CycleCloud ships with a repository of pre-created images that are recommended for use by most users.
Some users may need to use custom images to fulfill business or security requirements. CycleCloud supports building clusters from images created and owned entirely by the user.
Amazon Machine Images
When creating cluster template files an Image, ImageName, or ImageId must be specified for each node created. Bear in mind that in EC2 each image is specific to both the OS as well as the Amazon Region the machine is in.
Azure Custom Images
Currently, Azure GPU instances are ubuntu 16 only, which is not supported in jetpack.

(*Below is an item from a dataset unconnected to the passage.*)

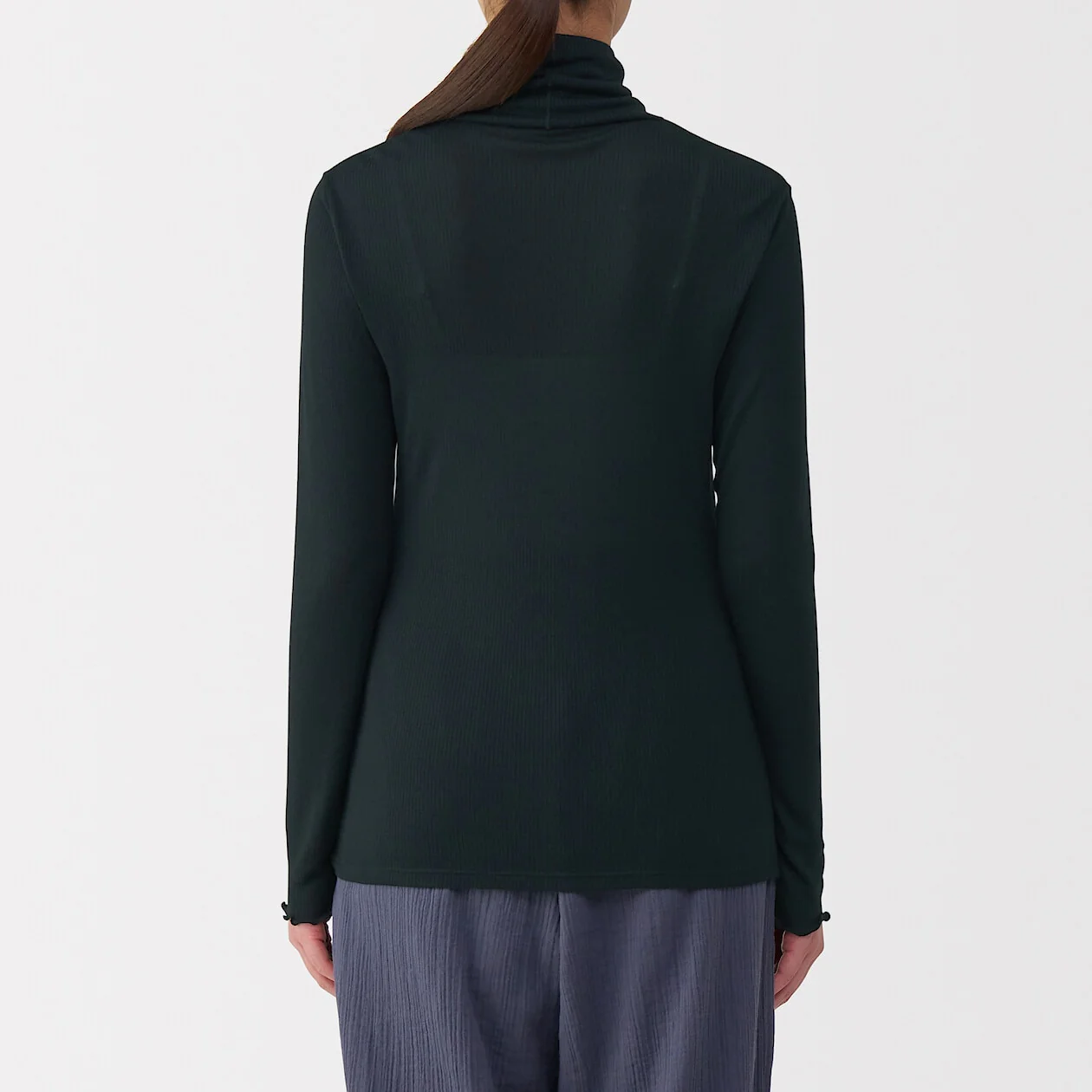 Silk Blend Sheer Turtleneck Long Sleeve T-Shirt - Image 4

Private custom Azure images can be specified in the template file with the ImageID attribute. This ID can be found in the Azure portal as the Resource ID for the image. In addition, the ImageOS attribute must be set to either windows or linux:
[[node demo]] ImageId = /subscriptions/xxxxxxxx-xxxx-xxxx-xxxxxxxxxxxx/resourceGroups/MyResourceGroup/providers/Microsoft.Compute/images/MyCustomImage ImageOS = linux
Public Azure images can be directly specified as well. The following attributes must be set to identify the image: Azure.Publisher, Azure.Sku, Azure.Offer, Azure.ImageVersion and Azure.OS:
[[node demo]] Azure.Publisher = Canonical Azure.Offer = UbuntuServer Azure.ImageVersion = latest Azure.Sku = 14.04-LTS Azure.OS = linux
As an alternative to specific version most publishers support referencing the latest image with a label: Azure.ImageVersion = latest.
CycleCloud can launch instances using any Machine Image. However, to build clusters using CycleCloud and to benefit from CycleCloud’s orchestration layer, Cycle Computing’s Jetpack package must be installed on the Image. If the image does not have Jetpack installed, then many of the features of CycleCloud will be lost.
Users have two options for installing Jetpack:
- Use images provided by Cycle Computing that already have Jetpack installed
- Install Jetpack on an existing image to create a custom Jetpack image.
Jetpack packages are currently built for the following operating systems: – Enterprise Linux 6, 7 (CentOS, RHEL) – Ubuntu 12.04, 14.04 – Windows 2008, 2012
CycleCloud Image Requirements
- Jetpack must be installed on the Image.
- Jetpack uses Chef to configure instances launched using the Image. In order for Chef to function, other infrastructure configuration management tools (such as CloudInit in AWS) should be disabled.
If a configuration management tool, such as Chef or Puppet, is already in use, it is generally possible to configure the systems to work together. Please contact Cycle Computing support for more help in this case.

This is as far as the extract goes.